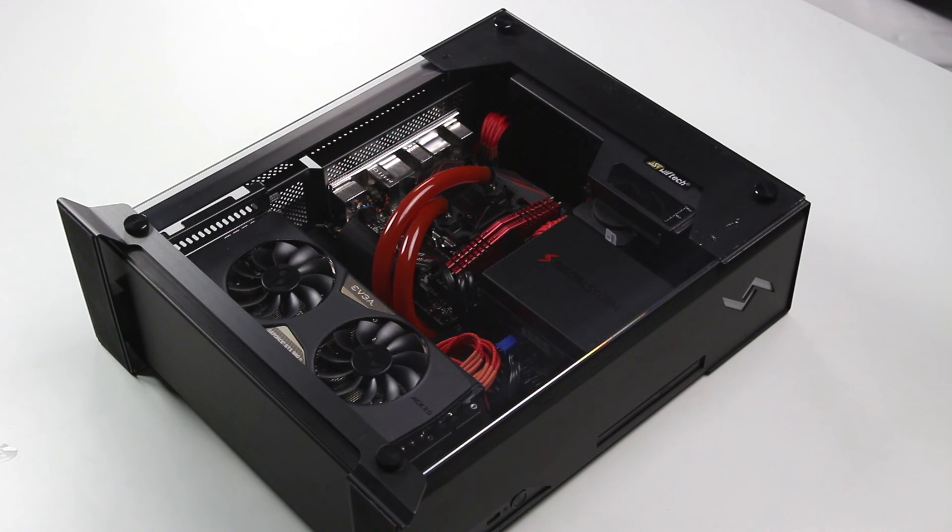This is Robert from Digital Storm. Today, I'm going to show you how to remove the video card from your Bolt 3.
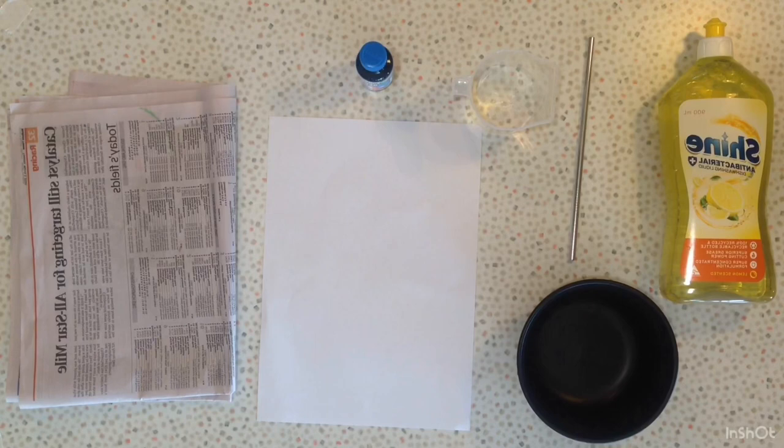Kia ora tamariki. Today I thought I would show you how to make some simple bubble art at home. Let's have a look at what we will need.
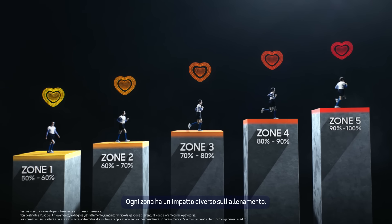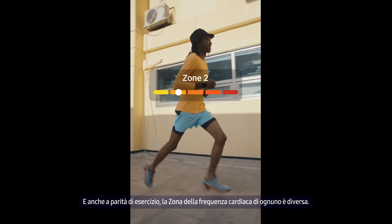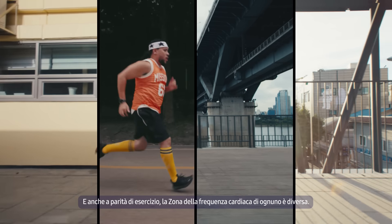Each zone has a different impact on your workout. And even with the same exercise, everyone's heart rate zone looks different — like this.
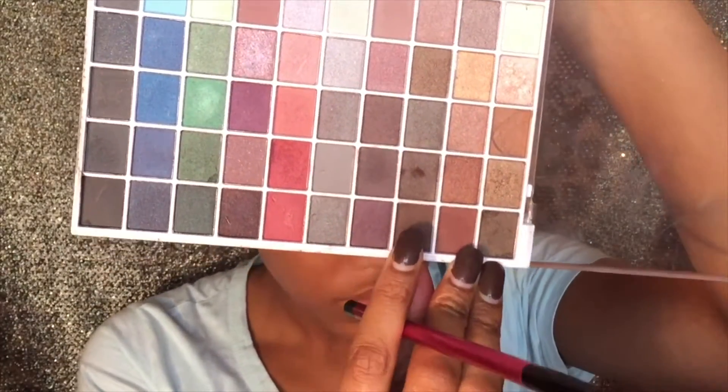Next I'm going to take this fluffy brush that I really love. I'm taking my e.l.f. palette and this dark brown color. I'm going to be adding that into my crease just to get the color a little bit differently.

□ □ □ □ □

_Exercise directions_: Restate word for word each line from the top of the listing down to and including the line that holds "Each zone has". Drop any pictures.

_Answer area_:
This is Robert from Digital Storm. Today, I'm going to show you how to remove the video card from your Bolt 3.
Kia ora tamariki. Today I thought I would show you how to make some simple bubble art at home. Let's have a look at what we will need.
Each zone has a different impact on your workout. And even with the same exercise, everyone's heart rate zone looks different — like this.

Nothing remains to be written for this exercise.